[Exercise goal] Look below for the line that contains "Carhartt WIP Atoka", and write out exactly that line and all remaining lines of the listing, omitting pictures.

[Listed entries]
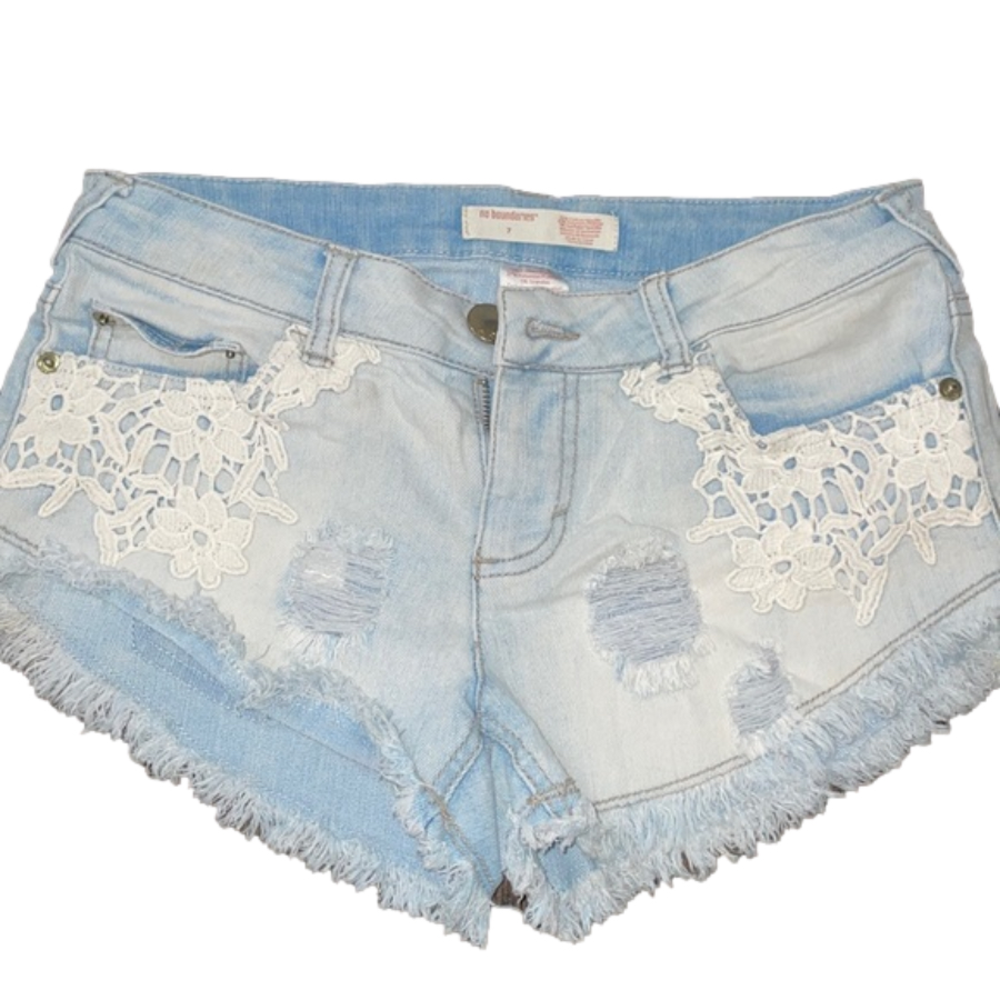 Womens lace detail Jean denim shorts - Picture 1 of 3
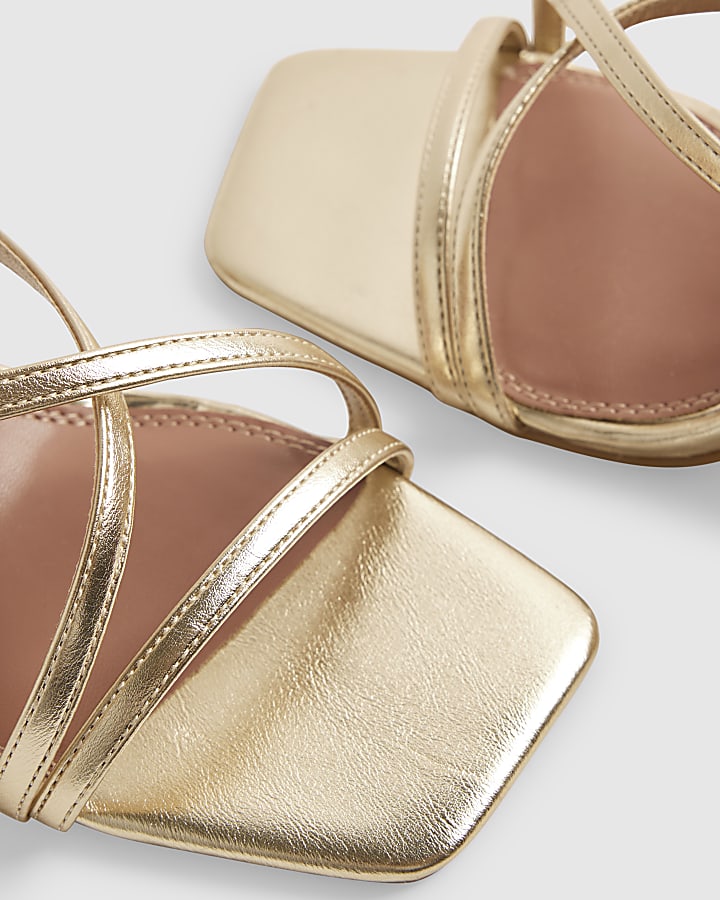 Gold Strappy Low Block Heel Sandals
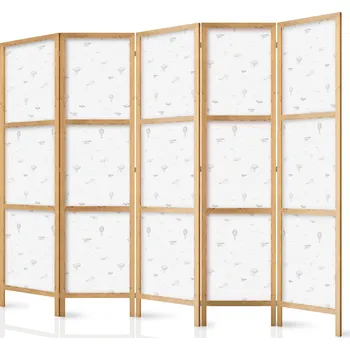 Paraván Japonský paraván - Letadla, balóny a vzducholodě proti nebi plnému ptáků Velikost: 225x172 cm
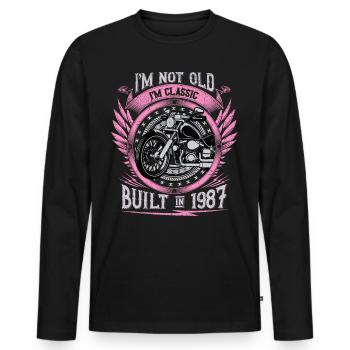 I'm Classic Built 1987 Motorcycle 36th Birthday - Männer Premium Bio Langarmshirt - Schwarz - Vorne - Nico (187cm)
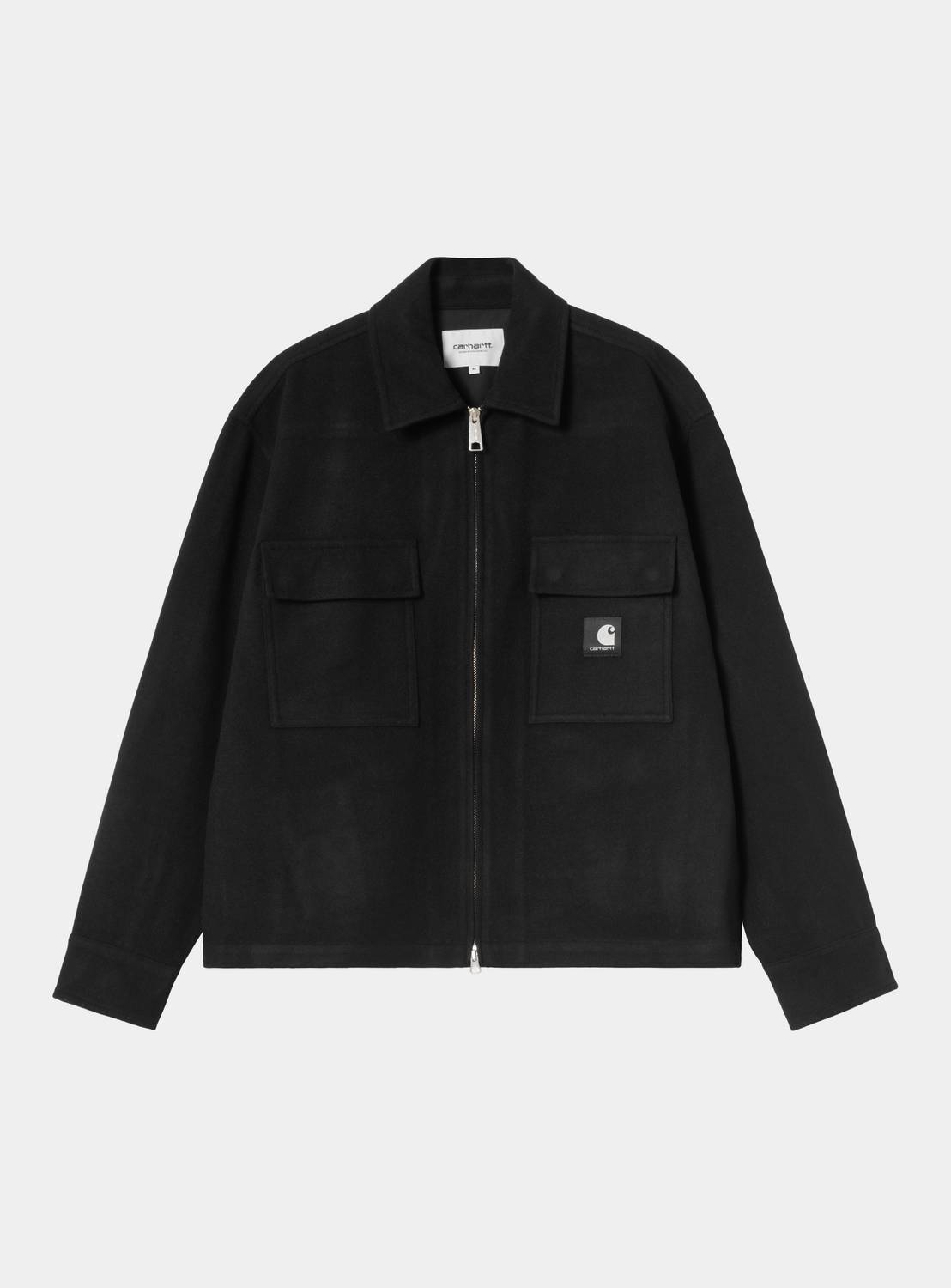 Carhartt WIP Atoka Shirt Jac in Black, front view with two-way zip closure and two chest flap pockets.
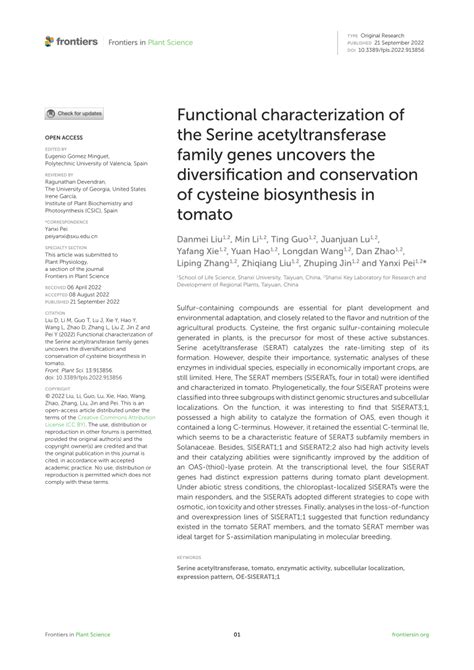 Pdf Functional Characterization Of The Serine Acetyltransferase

[Answer]
 Carhartt WIP Atoka Shirt Jac in Black, front view with two-way zip closure and two chest flap pockets.
 Pdf Functional Characterization Of The Serine Acetyltransferase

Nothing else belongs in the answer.